The fateful bus ride, however, would bring her to the forefront of the civil rights movement. She wrote in her autobiography, “People always say that I didn’t give up my seat because I was tired, but that isn’t true. I was not tired physically, or no more tired than I usually was at the end of a working day. I was not old, although some people have an image of me as being old then. I was forty-two. No, the only tired I was, was tired of giving in.”
Local churches announced the bus boycott on December 4. This came a day before Parks received a citation for guilty of disorderly conduct, which came with a fine of $14 ($134 in 2020). On the day she received the penalty, community leaders distributed 35,000 leaflets that read, “We are … asking every Negro to stay off the buses Monday in protest of the arrest and trial … You can afford to stay out of school for one day. If you work, take a cab, or walk. But please, children and grown-ups, don’t ride the bus at all on Monday.
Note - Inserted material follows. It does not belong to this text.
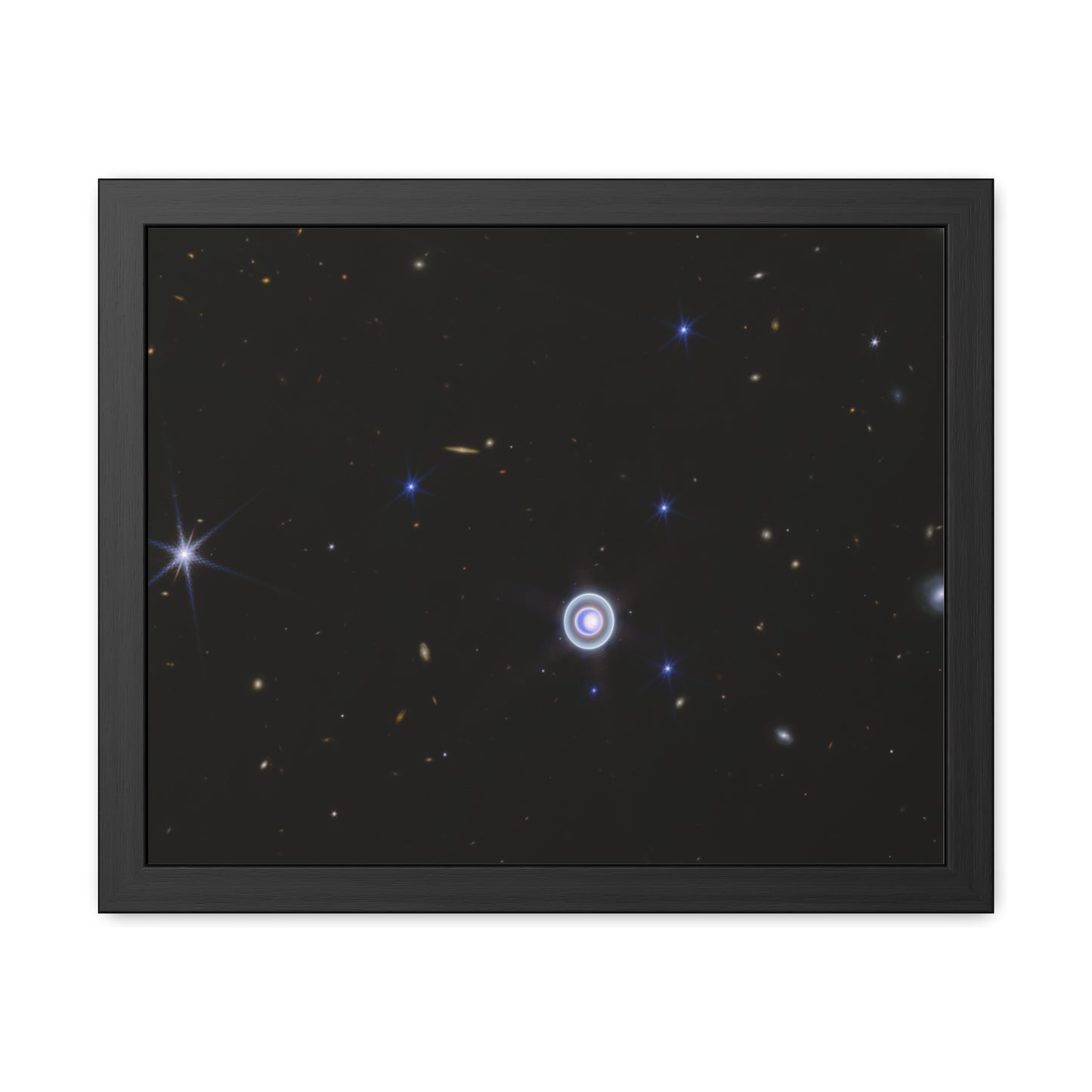 Uranus Wide, Hand Crafted Wooden Framed Poster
Please stay off the buses Monday.”
As the protest grew in length, the actions required by the Black community to end the boycott evolved. What started with calls for a first come first serve seating arrangement and the hiring of black drivers, became demands to invalidate bus segregation laws. With 75 percent of the bus system’s ridership being Black, the protest put massive financial strain on the city. As it rolled on, it became apparent to local officials the boycott would not simply fade away.
In June of 1956 a Montgomery federal court ruled that segregation laws on buses violated the 14th Amendment to the U.S. Constitution. That 1868 amendment guarantees all citizens—regardless of race—equal rights and protections under state and federal laws. The city of Montgomery appealed to the U.S. Supreme Court, but on December 20, 1956 they upheld the lower court’s decision on December 20, 1956. The Montgomery bus boycott ended the following day, after 381 days.
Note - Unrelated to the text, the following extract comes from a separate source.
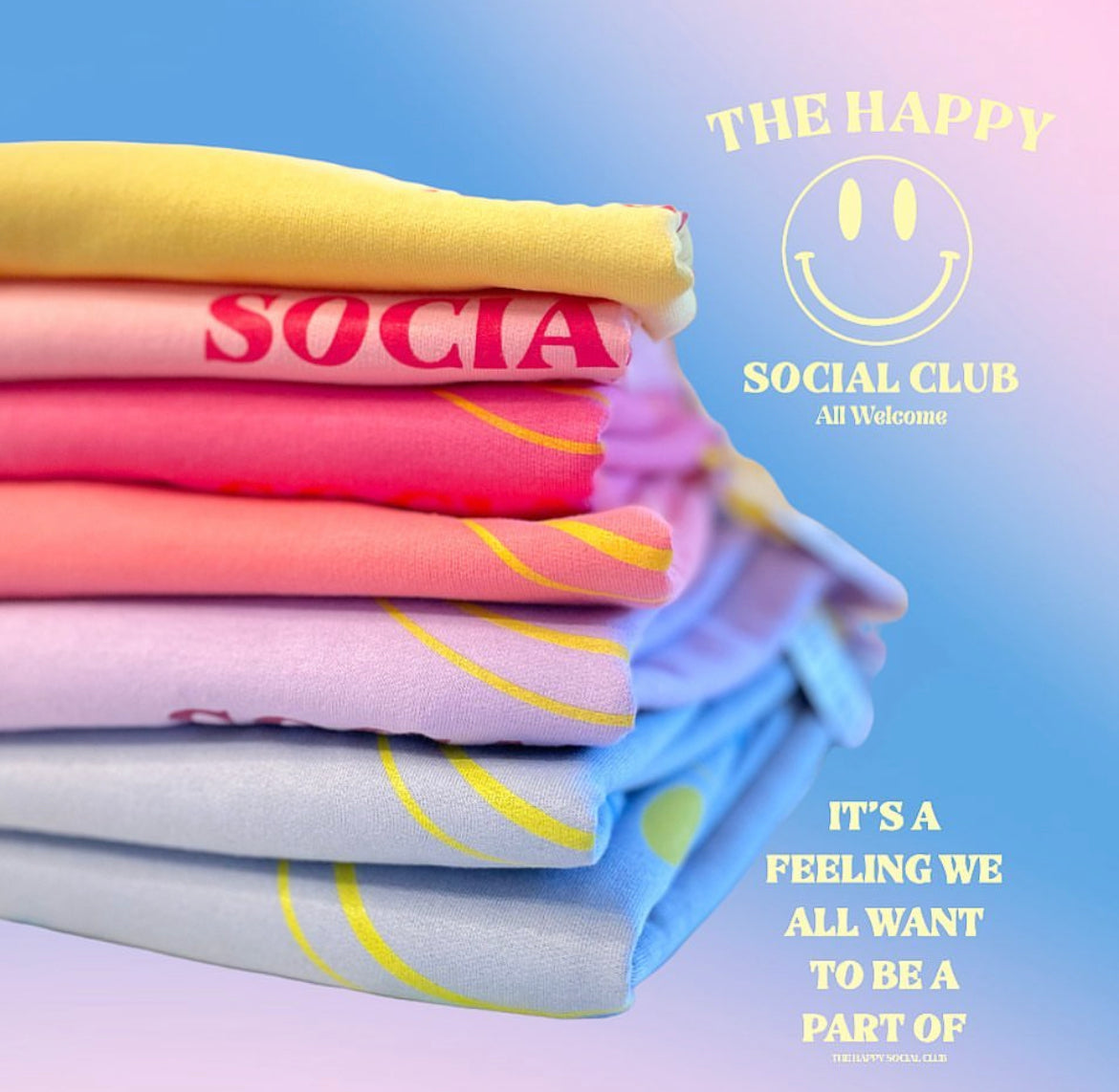 THE HAPPY SOCIAL CLUB Crew Neck Sweatshirt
The boycott highlighted the civil rights struggles occurring in the United States. More than 100 reporters visited Montgomery during the boycott to profile the effort and its leaders. This included Martin Luther King and, of course, Rosa Parks, who remained an activist throughout her life.
In 1999, the U.S. Congress awarded Parks its highest honor, the Congressional Gold Medal. She passed away in 2005 at the age of 92. The bus Parks rode that sparked the boycott is now in The Henry Ford.